Sunday, November 01, 2009

2009 World Fantasy Award winners announced

Taken from Science Fiction Awards Watch:


  • Lifetime Achievement: Ellen Asher & Jane Yolen
  • Best Novel (tie): The Shadow Year, Jeffrey Ford (Morrow) & Tender Morsels, Margo Lanagan (Allen & Unwin; Knopf)
  • Best Novella: “If Angels Fight”, Richard Bowes (F&SF 2/08)
  • Best Short Story: “26 Monkeys, Also the Abyss”, Kij Johnson (Asimov’s 7/08)
  • Best Anthology: Paper Cities: An Anthology of Urban Fantasy, Ekaterina Sedia, ed. (Senses Five Press)
  • Best Collection: The Drowned Life, Jeffrey Ford (HarperPerennial)
  • Best Artist: Shaun Tan
  • Special Award – Professional: Kelly Link & Gavin J. Grant (for Small Beer Press and Big Mouth House)
  • Special Award – Non-Professional: Michael Walsh (for Howard Waldrop collections from Old Earth Books)
The judges for 2009 were: Jenny Blackford, Peter Heck, Ellen Klages, Chris Roberson & Delia Sherman.

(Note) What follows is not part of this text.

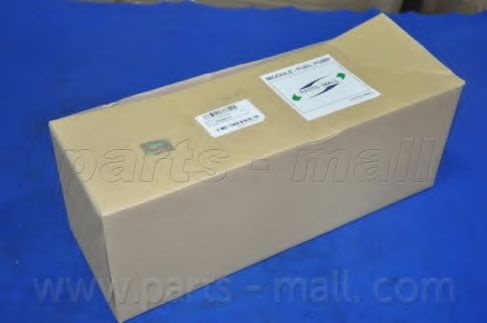 Топливный насос PARTS-MALL PDC-M003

Very deserving winners.  I thought it'd be between Ford and Lanagan and it's nice that both of them get the honor, as they had written some of the best fiction that I read in 2008.  Same goes for Ford for the collection and Shaun Tan for Best Artist.  In the anthology category, any of the works nominated would have been a good choice, but congrats to Kathy Sedia for Paper Cities winning!

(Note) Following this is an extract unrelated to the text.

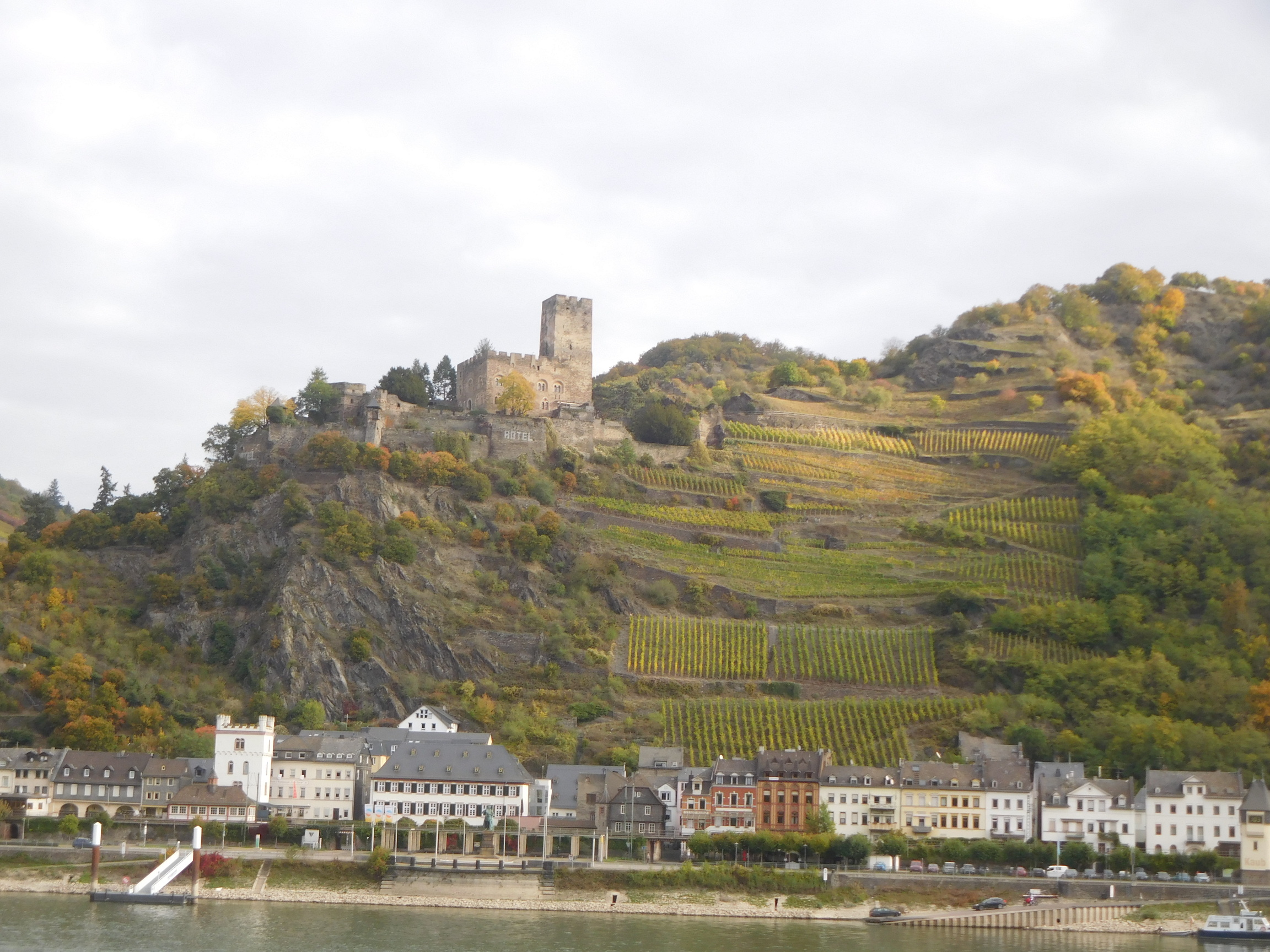 MTT-2026-14-Burg_Gutenfels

Interesting how the winners in the Best Novel category didn't correspond with the poll I ran huh?

Kage Baker, The House of the Stag
  6 (5%)
 
Jeffrey Ford, The Shadow Year
  8 (7%)
 
Neil Gaiman, The Graveyard Book
  31 (29%)
 
Daryl Gregory, Pandemonium
  4 (3%)
 
Margo Lanagan, Tender Morsels
  7 (6%)
 
Don't care about any of them, to be honest
  48 (46%)
 

7 comments:

Joe Sherry said...

Yeah, I can't believe "I Didn't Care About Any Of Them" didn't win the WFA.

I'm not surprised the Ford won, but was surprised about the Lanagan.

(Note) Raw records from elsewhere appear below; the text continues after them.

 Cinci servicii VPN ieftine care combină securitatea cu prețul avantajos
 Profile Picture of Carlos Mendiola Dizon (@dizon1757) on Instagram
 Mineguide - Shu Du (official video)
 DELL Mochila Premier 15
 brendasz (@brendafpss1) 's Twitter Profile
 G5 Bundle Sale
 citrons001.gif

But then, my choice would have been between Gaiman and Gregory.

Larry said...

I read all but the Gregory and Baker and I thought Ford and Lanagan had the two strongest books in the hunt (didn't think as highly of Gaiman's book as several did). I'll probably get around to reading the Gregory book in the near future, however.

Joe Sherry said...

I've had the Baker for a year, still haven't read it. Maybe by the end of the year...

The Gregory isn't perfect, but it's a solid debut novel.

Larry said...

That's what I gathered about the book, which made it surprising that it made it to the finalist list, if it's just only "solid" and not "very good" to "excellent" :P

Eddie said...

Glad Tender Morsels won. I was one of the 7 who voted for it in your poll:P

Greyweather said...

How about an exciting debut novel? Does that give you a better sense of why Pandemonium made the list Larry?

Nephtis said...

Pandemonium was FUN. Written with a few winks to scifi fans, it'd probably make my top 10 books read this year.

I'm most surprised by the Paper Cities winning. All the reviews I've read called it a deeply flawed collection. Some of the more unfavorable reviews for anthologies I've seen (and I paid attention, since the title was certainly enticing). Why not something more like Tin House: Fantastic Women by Aimee Bender or Clockwork Phoenix by Mike Allen?